The magic device that changes black to white -- that renders it unnecessary for Apple to demonstrate what it's necessary to demonstrate -- is the existence of something Apple's calling a "circumvention device."
"As this Court found, Psystar is trafficking in devices that enable others to circumvent Apple's technological protection measure to gain access to and copy Mac OS X," reads the motion for injunction. "Psystar is continuing to actively market those devices and has announced its intention [to] continue to do so to enable others to infringe Apple's copyrights. If Psystar is not permanently enjoined from marketing unlawful circumvention devices, other parties will be encouraged and enabled to continue infringing Apple's copyrights in Mac OS X."
That may be a bit of a stretch -- perhaps an unnecessary one for Apple to prevail. As the actual court order of November 13 reads, Psystar was found to have included a method on its computers that circumvents Mac OS X's self-protection measures for ensuring it only runs on Macs. That creates a circumstance where, legally speaking, the Psystar computer user becomes the infringer of Apple's copyrights by invoking the circumvention measure that he presumes is there, by having purchased a Psystar computer in the first place.
"Section 1201(a)(1)(A) provides that no person shall circumvent a technological measure that effectively controls access to a work protected under this title," reads the November 13 court order. "Psystar has used decryption software to obtain access to Mac OS X and to circumvent Apple's technological measure when modifying Mac OS X in its production process. This is a violation of the Section 1201 anti-circumvention provision of the DMCA."

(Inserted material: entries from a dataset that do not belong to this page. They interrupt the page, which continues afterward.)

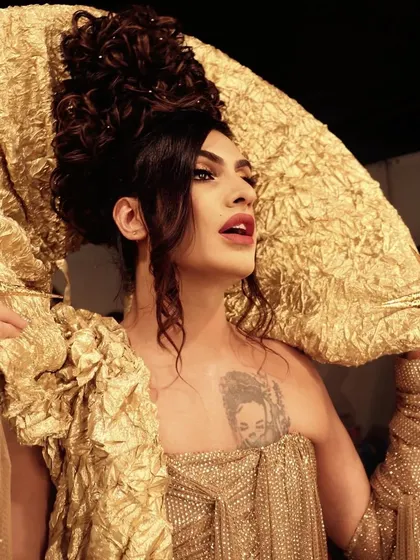 A backstage moment with Sushant Divgikr at Lakme Fashion Week. This look for the Itrh collection featured a bold red lip and dramatic, sculptural hair.
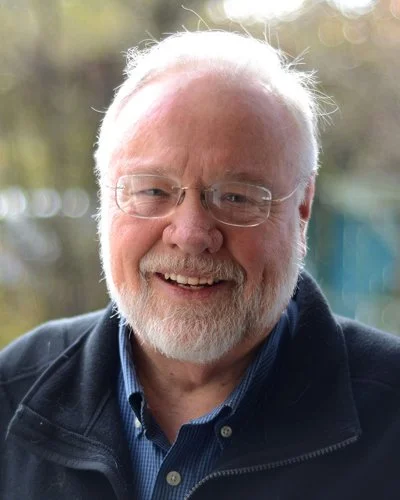A smiling older man with white hair and a beard, wearing glasses, a blue shirt, and a black jacket outdoor with blurred trees in the background.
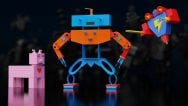 Left to right: a four-legged, pink robot with a red heart on its chest and tiny ears; a tall, wide orange and blue robot with wire hands; a flying triangular robot with a lightning bolt on its chest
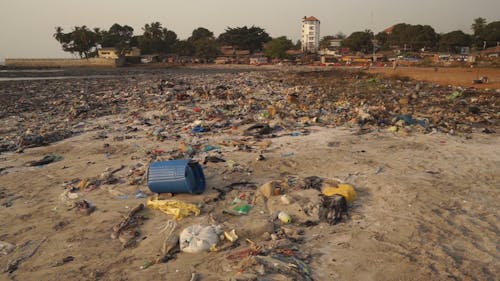 Young Men Playing Football In A Filthy Beach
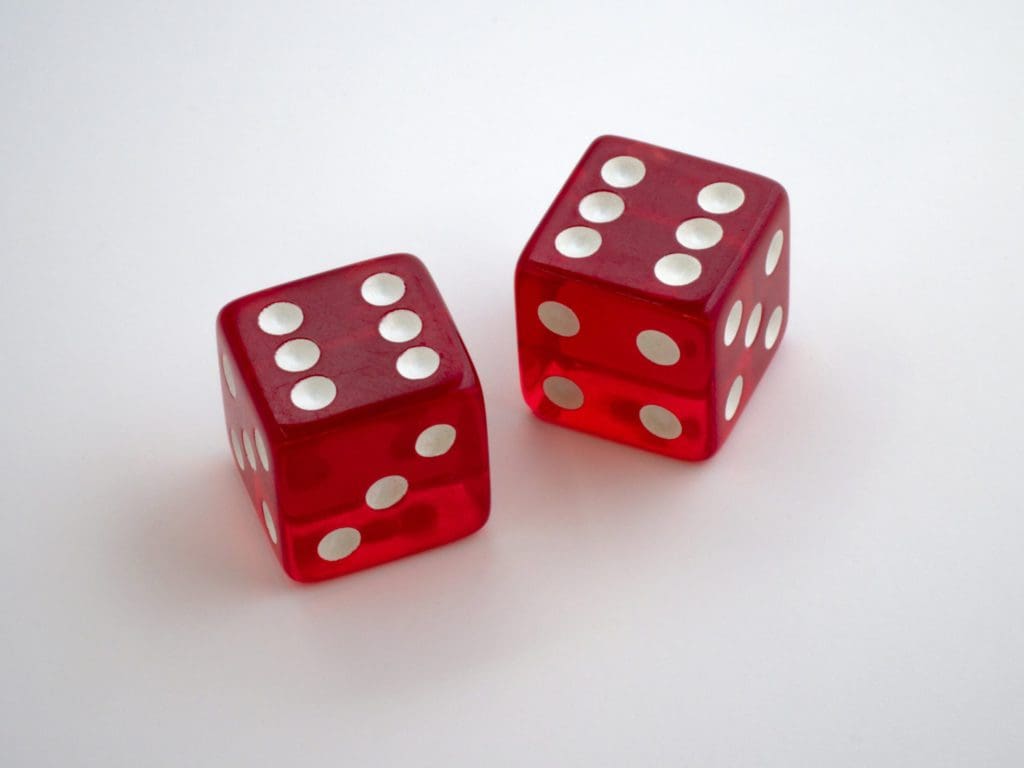 Two red translucent dice with white pips are shown on a white background. One die shows the number six, and the other shows the number five. The dice have a glossy finish, giving them a shiny appearance.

Conceivably, Apple could hold Psystar users accountable for circumvention conduct, the way the court has phrased the order. So the logic behind Apple Senior Vice President Phil Schiller's attachment to last week's motion for injunction, seems once again contrary to the aims of a guaranteed march toward home plate: Schiller actually claims, contrary to the court's own findings, that a Psystar customer would not purchase a Psystar computer to infringe Apple's copyright, but instead under a confused notion that Psystar and Apple are perhaps working together -- or even the same company.
"From a marketing perspective, I am deeply troubled by the association consumers are likely to assume exists between Apple and Psystar," Schiller writes. "Having looked at the Psystar Web site several times, I believe that consumers are likely to believe that Apple has authorized Psystar to sell its products. This concerns me because Apple does not control Psystar and therefore cannot ensure that Psystar will provide the high standards of quality and reliability that customers expect from Apple...Indeed, I understand that some confused Psystar customers have called Apple for technical support for Psystar computers that are running Mac OS X...The association of Psystar's poorly designed and poor quality computers with Apple's Mac OS X sullies Apple's image and erodes the confidence which Apple has worked so hard to establish."
Keep in mind that Apple has already won here, but on the theory that Psystar computers obviously cause irreparable harm to Apple by converting possible customers into knowing and willful Apple infringers. Schiller's own letter would actually argue a completely different point, at a time when it's too late to argue it anyway. Although it's unlikely that Apple may yet snatch defeat from the jaws of victory, one can't help but notice that in the absence of the continually guiding hand of Steve Jobs, it seems to be doing a good job of trying.